Of course, much like the human mind only perceives .04 percent (or something close to this) of the matter that surrounds us, so would this exercise ultimately fail in capturing the true nature and essence of such a huge deluge of exchange, the bulk of which actually happened outside of the world in which I now communicate to you, and often complicated by third, fourth, fifth parties, and on and on to the 100th.
So, if you imagine a cyan line, crossing over a yellow line, both crossed over by a magenta line, each on their way towards the next point in virtual communication space, the space made inside is what we can never recreate. If you imagine this to be the perfect metaphor, which it isn't, then you could probably throw y6 through y80, each line with it's own unique color over the same moment in time and still have an empty white space left staring you in the face.
BUT
What happens if you start deleting points? Point by point, space expands, leaving your unreliable recall to do the work--that line was green and it went
over the
red,
kind of like "this?" and it stood for "level of support," but crossed over the sinking blue line, y55, which illustrated a decline in certain key words (openness), but even with them there, there were huge holes already. I wonder what happened in those spaces? So much subjectivity.
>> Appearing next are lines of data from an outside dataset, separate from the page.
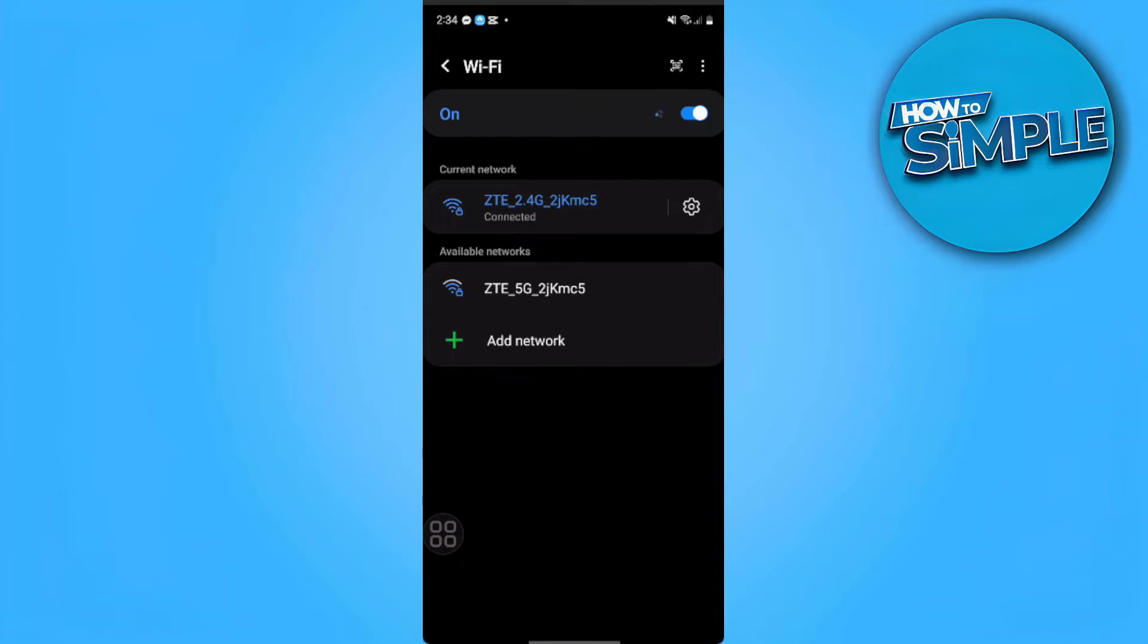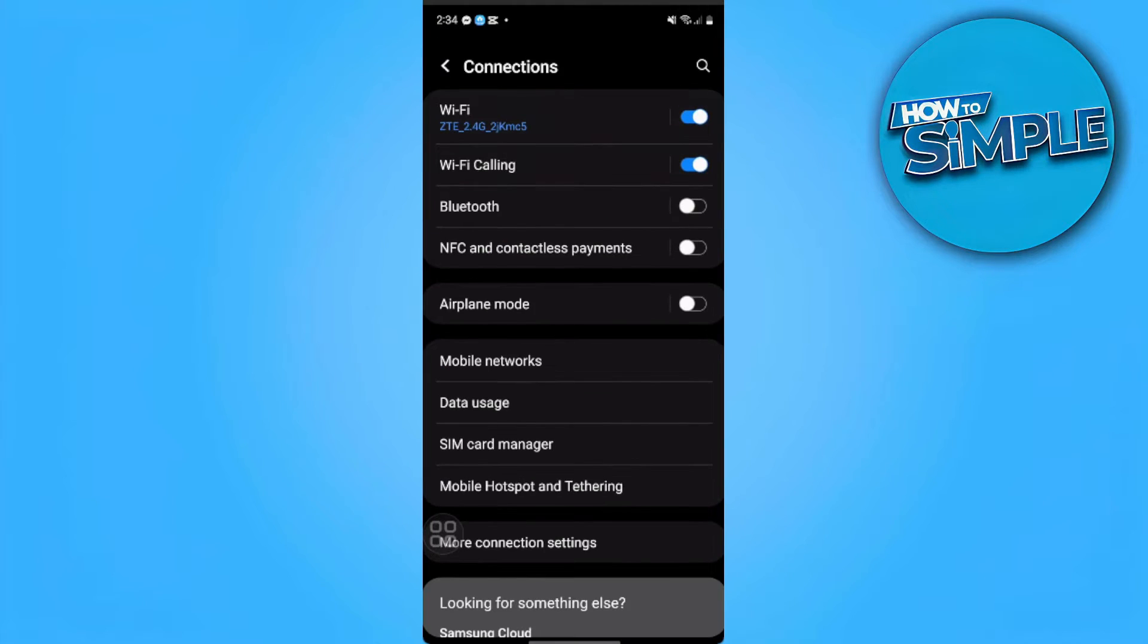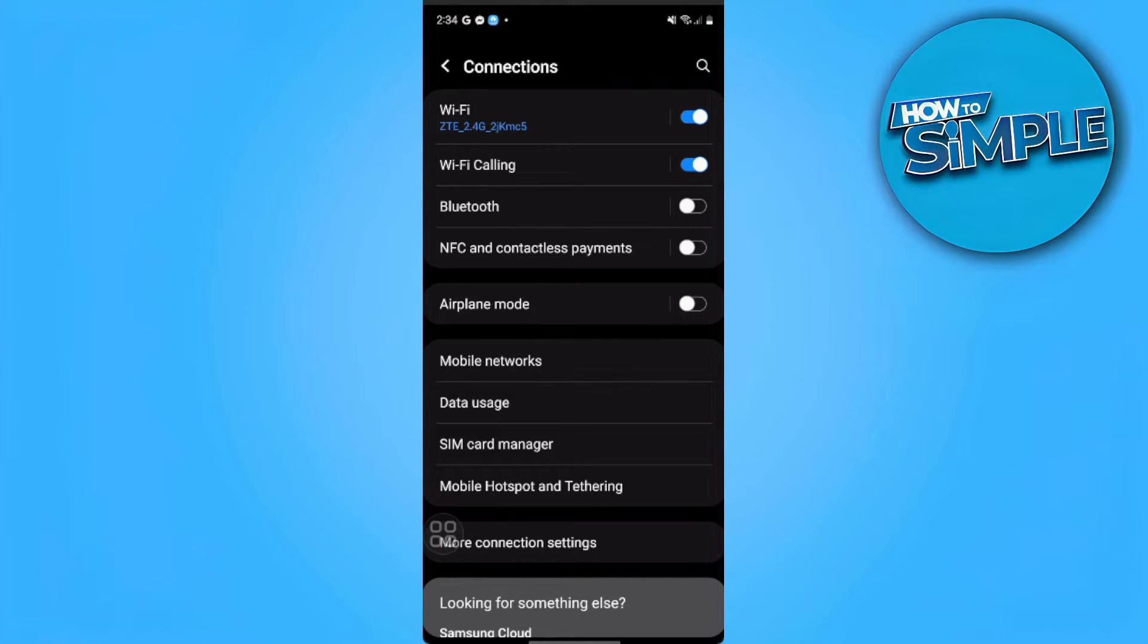The next thing you want to do is to make sure that you are not connected to any VPN. So if you are connected to a VPN, you want to disable that or disconnect.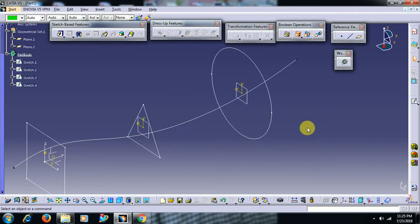Welcome to Imperial CAD system. In this video we see what the multisection solid command does in CATIA V5.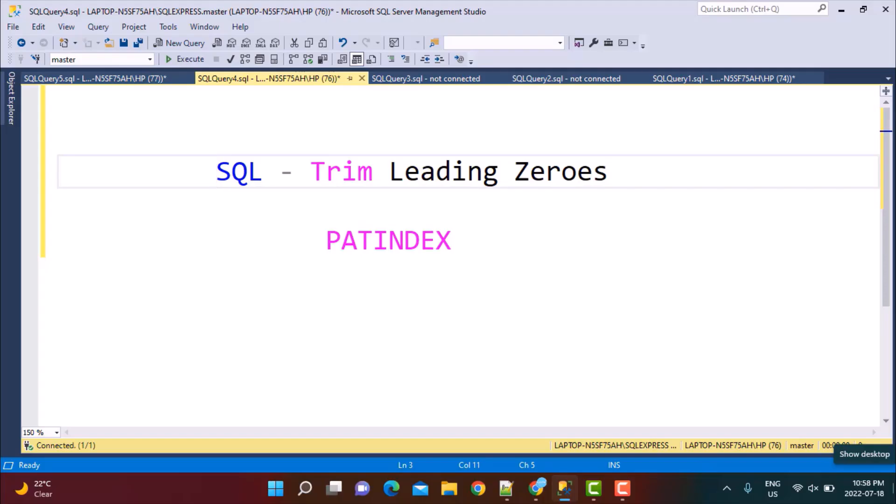Hello everyone and welcome to another SQL query training session with Learn at Nostar. In today's video, we are going to write a SQL query to trim leading zeros from a string column using the PATINDEX function. So let's get started.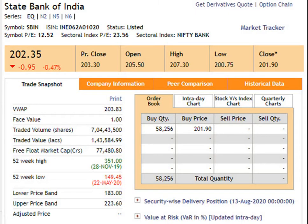Today we are going to study about State Bank of India. The face value of the script is 1 rupee. The 52-week high is 351, dated 28th November 2019. The 52-week low is 149.45, dated 22nd May 2020. The closing price is 201 rupees 90 paisa, dated 13th August 2020.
This is precisely why you shouldn't delete your archive.
This is precisely why you shouldn't delete your archive.
I, out of eye-rolling frustration deleted that final point, forever changing the shape of how our virtual friendship comes to a close. On paper, it appears that I sent a couple of messages out into the ether and never received a reply. I suppose it would be nice to review at some point years down the road, if I were think to, but then again...
In all reality I could probably delete the whole of my gmail account, or facebook profile, or Flickr archive, or Twitter tweets, or MySpace page (or possibly the actual domain in its entirety) and suffer very little from it. I would probably have more time to sleep, eat, expel and maybe even a few more days to put towards writing that very large book.
I could also put more hours towards that two years or so that I have to spend of real interaction.